__EXERCISE DESCRIPTION__. What's needed is the listing below, repeated word for word with no pictures.

__DATASET EXCERPT__.
-- Opening Marker --
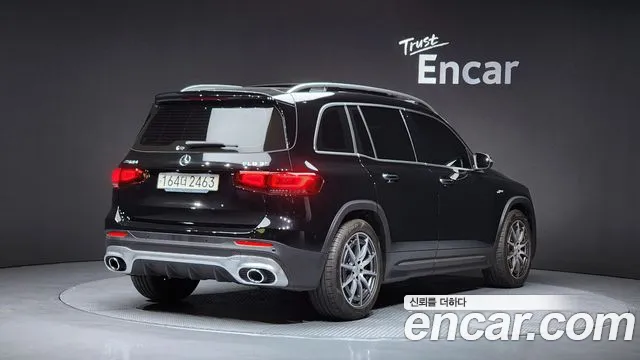 Mercedes-Benz GLB-Class 2023 — фото 2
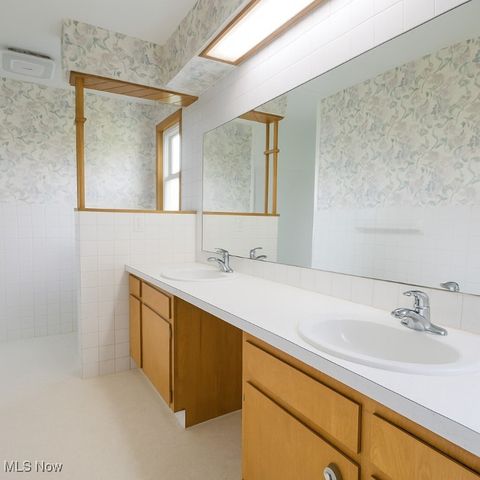 3198 Erhart Road, Litchfield, OH 44253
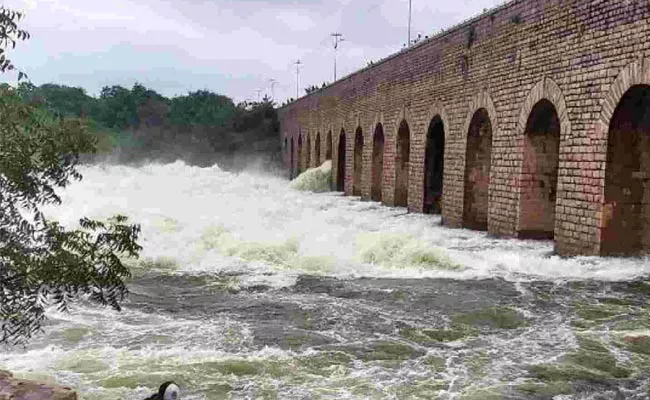 Heavy Rains Effect Authorities Will Lift Usman Sagar Gates - Sakshi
-- Closing Marker --
__RESULT OF THIS TASK__.
 Mercedes-Benz GLB-Class 2023 — фото 2
 3198 Erhart Road, Litchfield, OH 44253
 Heavy Rains Effect Authorities Will Lift Usman Sagar Gates - Sakshi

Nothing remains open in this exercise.